Provided records:
-.-.-

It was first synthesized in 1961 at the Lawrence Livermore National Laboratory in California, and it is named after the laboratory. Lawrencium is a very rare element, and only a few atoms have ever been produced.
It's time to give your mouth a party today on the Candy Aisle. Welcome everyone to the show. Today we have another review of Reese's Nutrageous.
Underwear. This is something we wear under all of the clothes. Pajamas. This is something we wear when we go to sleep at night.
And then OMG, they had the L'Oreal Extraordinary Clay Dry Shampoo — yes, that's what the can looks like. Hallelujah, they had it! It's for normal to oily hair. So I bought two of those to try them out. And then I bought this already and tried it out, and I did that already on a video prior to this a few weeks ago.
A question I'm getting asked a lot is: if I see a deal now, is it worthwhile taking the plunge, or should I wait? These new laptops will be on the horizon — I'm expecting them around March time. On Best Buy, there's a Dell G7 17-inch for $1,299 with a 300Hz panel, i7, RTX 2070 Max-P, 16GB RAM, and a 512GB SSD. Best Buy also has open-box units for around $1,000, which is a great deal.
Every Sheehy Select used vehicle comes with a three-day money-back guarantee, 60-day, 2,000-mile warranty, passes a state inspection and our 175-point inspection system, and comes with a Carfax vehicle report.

-.-.-

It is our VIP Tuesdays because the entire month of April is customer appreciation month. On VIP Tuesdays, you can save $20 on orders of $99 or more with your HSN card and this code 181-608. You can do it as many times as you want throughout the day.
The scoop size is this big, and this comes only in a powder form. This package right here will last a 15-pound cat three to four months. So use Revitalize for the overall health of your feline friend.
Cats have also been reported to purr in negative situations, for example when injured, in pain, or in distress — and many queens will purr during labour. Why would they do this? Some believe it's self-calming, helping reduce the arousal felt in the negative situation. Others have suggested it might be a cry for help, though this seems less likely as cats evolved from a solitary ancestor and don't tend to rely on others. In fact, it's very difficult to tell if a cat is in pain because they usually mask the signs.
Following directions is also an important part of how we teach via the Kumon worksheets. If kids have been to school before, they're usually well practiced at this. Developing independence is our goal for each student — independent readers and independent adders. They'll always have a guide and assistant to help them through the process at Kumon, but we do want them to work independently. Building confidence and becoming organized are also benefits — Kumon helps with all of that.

-.-.-

Instructions to follow:
In the data above, find the line with "It is our VIP" and the line with "Cats have also". Retype both, plus every line between them, exactly.

Solved problem:
It is our VIP Tuesdays because the entire month of April is customer appreciation month. On VIP Tuesdays, you can save $20 on orders of $99 or more with your HSN card and this code 181-608. You can do it as many times as you want throughout the day.
The scoop size is this big, and this comes only in a powder form. This package right here will last a 15-pound cat three to four months. So use Revitalize for the overall health of your feline friend.
Cats have also been reported to purr in negative situations, for example when injured, in pain, or in distress — and many queens will purr during labour. Why would they do this? Some believe it's self-calming, helping reduce the arousal felt in the negative situation. Others have suggested it might be a cry for help, though this seems less likely as cats evolved from a solitary ancestor and don't tend to rely on others. In fact, it's very difficult to tell if a cat is in pain because they usually mask the signs.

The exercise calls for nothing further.